[Opening Provided data section]

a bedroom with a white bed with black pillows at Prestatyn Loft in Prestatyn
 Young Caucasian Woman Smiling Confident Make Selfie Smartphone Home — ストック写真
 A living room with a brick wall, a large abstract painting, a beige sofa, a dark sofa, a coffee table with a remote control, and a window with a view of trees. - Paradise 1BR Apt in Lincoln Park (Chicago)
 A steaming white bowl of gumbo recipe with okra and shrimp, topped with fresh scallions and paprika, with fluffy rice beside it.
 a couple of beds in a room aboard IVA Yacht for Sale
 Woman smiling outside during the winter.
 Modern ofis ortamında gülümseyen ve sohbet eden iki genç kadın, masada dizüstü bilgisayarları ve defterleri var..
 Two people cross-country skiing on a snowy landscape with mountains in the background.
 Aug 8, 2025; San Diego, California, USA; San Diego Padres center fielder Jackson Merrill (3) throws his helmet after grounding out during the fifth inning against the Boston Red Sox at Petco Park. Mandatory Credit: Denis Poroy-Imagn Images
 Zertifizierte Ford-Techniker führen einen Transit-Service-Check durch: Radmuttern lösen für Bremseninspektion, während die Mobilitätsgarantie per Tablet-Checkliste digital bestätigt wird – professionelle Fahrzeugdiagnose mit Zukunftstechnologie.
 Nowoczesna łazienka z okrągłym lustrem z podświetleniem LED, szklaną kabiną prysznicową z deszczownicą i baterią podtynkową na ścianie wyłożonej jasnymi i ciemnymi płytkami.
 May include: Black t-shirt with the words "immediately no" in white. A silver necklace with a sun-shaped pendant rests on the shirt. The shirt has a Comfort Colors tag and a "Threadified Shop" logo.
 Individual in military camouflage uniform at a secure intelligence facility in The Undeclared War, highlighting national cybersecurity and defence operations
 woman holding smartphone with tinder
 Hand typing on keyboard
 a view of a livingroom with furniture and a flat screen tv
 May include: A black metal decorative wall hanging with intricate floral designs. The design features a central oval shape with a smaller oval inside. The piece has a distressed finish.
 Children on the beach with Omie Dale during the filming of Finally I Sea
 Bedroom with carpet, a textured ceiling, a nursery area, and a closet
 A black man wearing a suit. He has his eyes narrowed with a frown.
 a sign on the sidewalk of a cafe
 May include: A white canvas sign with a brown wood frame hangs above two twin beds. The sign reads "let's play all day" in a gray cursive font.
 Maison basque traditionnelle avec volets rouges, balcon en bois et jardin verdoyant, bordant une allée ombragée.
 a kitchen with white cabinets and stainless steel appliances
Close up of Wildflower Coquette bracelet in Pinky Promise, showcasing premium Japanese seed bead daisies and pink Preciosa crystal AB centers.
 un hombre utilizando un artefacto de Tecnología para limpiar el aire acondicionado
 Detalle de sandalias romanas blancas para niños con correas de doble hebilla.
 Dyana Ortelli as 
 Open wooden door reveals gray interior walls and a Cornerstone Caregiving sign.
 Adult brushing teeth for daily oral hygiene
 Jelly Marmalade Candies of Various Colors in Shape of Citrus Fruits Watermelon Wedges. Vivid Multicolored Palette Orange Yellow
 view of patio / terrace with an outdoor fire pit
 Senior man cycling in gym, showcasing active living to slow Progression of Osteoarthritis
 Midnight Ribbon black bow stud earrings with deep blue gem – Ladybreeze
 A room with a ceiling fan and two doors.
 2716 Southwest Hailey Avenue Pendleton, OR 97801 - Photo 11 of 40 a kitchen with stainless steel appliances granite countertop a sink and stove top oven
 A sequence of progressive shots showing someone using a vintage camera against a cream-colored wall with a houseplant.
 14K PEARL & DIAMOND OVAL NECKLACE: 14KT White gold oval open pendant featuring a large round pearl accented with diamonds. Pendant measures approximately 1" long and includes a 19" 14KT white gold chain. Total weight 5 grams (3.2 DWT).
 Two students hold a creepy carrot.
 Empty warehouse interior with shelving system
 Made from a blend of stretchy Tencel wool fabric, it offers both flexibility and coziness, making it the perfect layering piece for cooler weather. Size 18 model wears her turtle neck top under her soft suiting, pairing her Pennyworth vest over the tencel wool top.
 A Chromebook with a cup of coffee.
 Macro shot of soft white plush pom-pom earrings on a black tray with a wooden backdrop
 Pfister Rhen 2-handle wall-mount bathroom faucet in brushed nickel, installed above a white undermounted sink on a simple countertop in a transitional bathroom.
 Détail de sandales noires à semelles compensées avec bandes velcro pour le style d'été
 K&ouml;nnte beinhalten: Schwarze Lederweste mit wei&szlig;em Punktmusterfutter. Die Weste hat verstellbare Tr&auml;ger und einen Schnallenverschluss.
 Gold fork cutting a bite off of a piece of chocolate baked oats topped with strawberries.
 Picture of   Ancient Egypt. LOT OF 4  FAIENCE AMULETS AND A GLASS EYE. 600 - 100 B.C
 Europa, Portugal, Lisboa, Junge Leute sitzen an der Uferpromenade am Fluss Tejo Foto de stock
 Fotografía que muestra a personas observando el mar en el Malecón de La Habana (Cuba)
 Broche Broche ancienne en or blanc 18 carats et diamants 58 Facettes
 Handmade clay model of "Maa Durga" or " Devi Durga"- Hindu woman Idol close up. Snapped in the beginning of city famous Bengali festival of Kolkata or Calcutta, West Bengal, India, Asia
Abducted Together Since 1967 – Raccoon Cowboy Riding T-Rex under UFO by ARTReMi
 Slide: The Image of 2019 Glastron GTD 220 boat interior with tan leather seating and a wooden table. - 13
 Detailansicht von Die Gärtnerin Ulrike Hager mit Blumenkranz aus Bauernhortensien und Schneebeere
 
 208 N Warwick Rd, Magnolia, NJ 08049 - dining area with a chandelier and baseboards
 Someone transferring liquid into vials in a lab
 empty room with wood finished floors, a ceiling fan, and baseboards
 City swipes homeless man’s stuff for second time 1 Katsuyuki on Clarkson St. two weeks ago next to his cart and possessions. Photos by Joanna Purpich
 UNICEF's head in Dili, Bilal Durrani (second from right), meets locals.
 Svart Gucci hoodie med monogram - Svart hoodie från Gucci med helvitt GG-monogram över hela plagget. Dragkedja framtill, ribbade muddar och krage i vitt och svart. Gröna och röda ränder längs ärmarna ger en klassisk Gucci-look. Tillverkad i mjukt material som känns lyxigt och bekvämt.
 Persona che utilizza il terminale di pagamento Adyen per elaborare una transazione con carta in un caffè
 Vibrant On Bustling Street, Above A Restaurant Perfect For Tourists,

[Closing Provided data section]

Could you report all lines of the listing that hold "countertop"?

 2716 Southwest Hailey Avenue Pendleton, OR 97801 - Photo 11 of 40 a kitchen with stainless steel appliances granite countertop a sink and stove top oven
 Pfister Rhen 2-handle wall-mount bathroom faucet in brushed nickel, installed above a white undermounted sink on a simple countertop in a transitional bathroom.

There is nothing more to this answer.